• Exercise goal
Write out again, exactly, the lines below starting at the one with "Barbados Celtic Festival" and ending at the one with "Capri Collarless Down Puffer Jacket in Mint".

• Data to use
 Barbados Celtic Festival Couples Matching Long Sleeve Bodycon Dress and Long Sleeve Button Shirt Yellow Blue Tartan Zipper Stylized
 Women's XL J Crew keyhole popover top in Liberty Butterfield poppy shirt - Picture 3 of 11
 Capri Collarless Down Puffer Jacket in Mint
==
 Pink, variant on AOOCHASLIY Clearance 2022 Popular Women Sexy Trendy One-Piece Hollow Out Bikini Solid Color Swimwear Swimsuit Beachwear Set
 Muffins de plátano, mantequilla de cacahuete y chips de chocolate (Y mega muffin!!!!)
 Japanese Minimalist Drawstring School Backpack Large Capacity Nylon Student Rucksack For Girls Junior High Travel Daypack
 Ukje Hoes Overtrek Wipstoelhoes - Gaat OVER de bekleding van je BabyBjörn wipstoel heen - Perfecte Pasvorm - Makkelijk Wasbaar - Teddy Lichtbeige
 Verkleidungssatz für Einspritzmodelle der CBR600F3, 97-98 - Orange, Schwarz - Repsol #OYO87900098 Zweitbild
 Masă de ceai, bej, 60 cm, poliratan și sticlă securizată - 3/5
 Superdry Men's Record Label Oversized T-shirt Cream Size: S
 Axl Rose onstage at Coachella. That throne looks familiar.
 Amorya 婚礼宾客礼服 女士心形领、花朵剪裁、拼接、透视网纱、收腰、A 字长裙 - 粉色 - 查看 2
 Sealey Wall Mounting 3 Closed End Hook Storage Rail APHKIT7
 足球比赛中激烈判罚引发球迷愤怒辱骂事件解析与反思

• Written response
 Barbados Celtic Festival Couples Matching Long Sleeve Bodycon Dress and Long Sleeve Button Shirt Yellow Blue Tartan Zipper Stylized
 Women's XL J Crew keyhole popover top in Liberty Butterfield poppy shirt - Picture 3 of 11
 Capri Collarless Down Puffer Jacket in Mint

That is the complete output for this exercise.